++++ SOURCE RECORDS

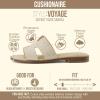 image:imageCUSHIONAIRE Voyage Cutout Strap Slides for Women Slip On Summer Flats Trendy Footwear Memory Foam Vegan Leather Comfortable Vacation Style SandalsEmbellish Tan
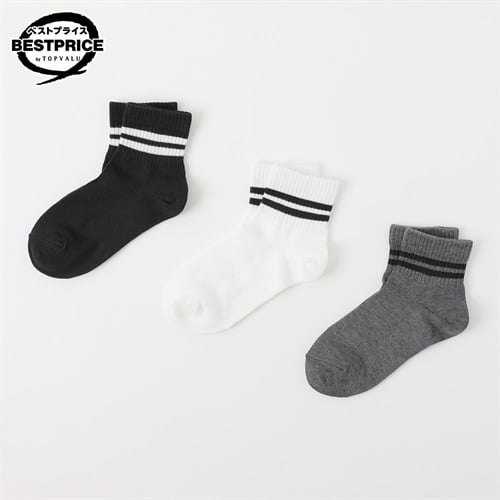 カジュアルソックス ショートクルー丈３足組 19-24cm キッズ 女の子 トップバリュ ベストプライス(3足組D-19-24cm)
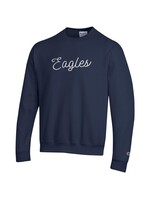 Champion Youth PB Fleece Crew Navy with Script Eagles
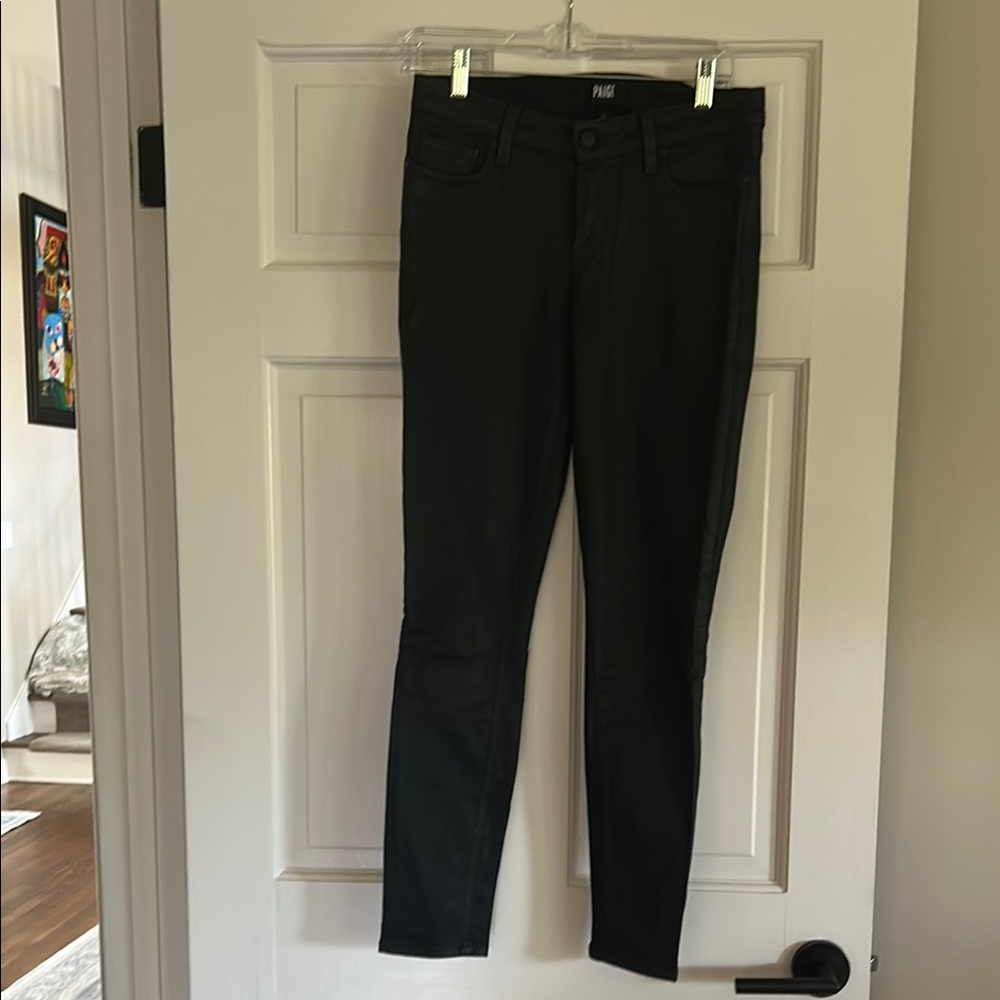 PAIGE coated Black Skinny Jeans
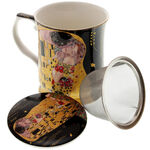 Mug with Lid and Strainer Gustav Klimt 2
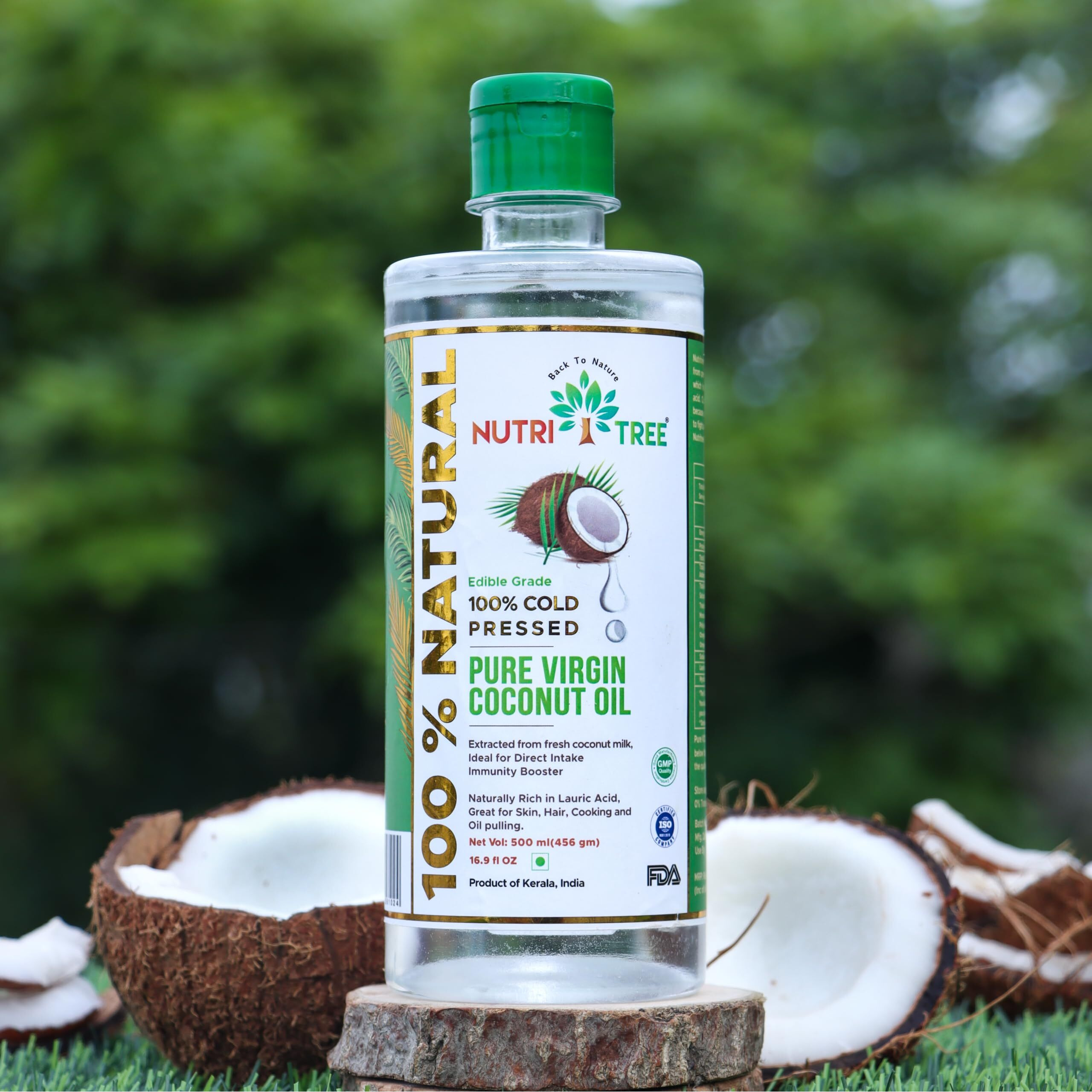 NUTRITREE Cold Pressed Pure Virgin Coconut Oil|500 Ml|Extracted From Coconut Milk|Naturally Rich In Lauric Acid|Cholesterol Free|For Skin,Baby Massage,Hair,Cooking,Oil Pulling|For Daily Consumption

++++++++
++++ SOURCE RECORDS

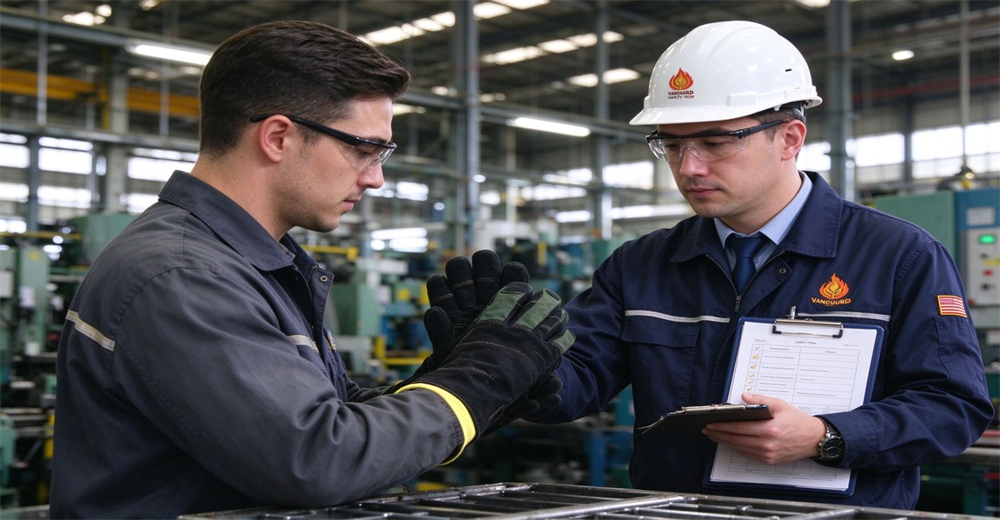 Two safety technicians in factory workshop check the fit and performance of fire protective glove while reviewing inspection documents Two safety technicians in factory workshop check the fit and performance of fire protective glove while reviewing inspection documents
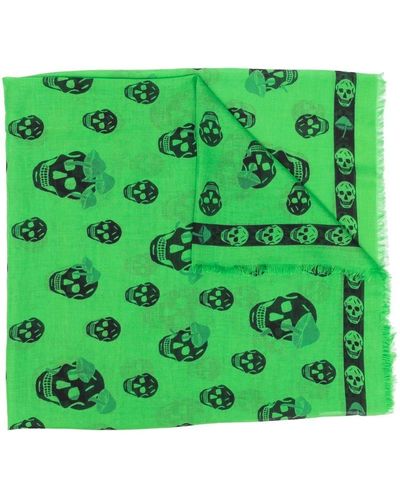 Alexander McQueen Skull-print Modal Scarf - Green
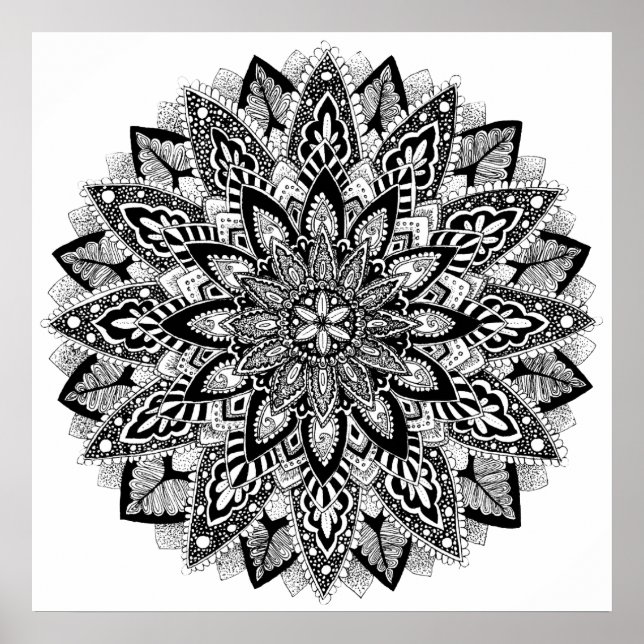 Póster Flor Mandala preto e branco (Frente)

++++++++

TASK INSTRUCTIONS: Reproduce, exactly and only, the lines of the records above starting at the line with "image:imageCUSHIONAIRE Voyage Cutout" and ending at the line with "NUTRITREE Cold Pressed", both included. Leave every picture out.

RESULT OF THIS TASK:
 image:imageCUSHIONAIRE Voyage Cutout Strap Slides for Women Slip On Summer Flats Trendy Footwear Memory Foam Vegan Leather Comfortable Vacation Style SandalsEmbellish Tan
 カジュアルソックス ショートクルー丈３足組 19-24cm キッズ 女の子 トップバリュ ベストプライス(3足組D-19-24cm)
 Champion Youth PB Fleece Crew Navy with Script Eagles
 PAIGE coated Black Skinny Jeans
 Mug with Lid and Strainer Gustav Klimt 2
 NUTRITREE Cold Pressed Pure Virgin Coconut Oil|500 Ml|Extracted From Coconut Milk|Naturally Rich In Lauric Acid|Cholesterol Free|For Skin,Baby Massage,Hair,Cooking,Oil Pulling|For Daily Consumption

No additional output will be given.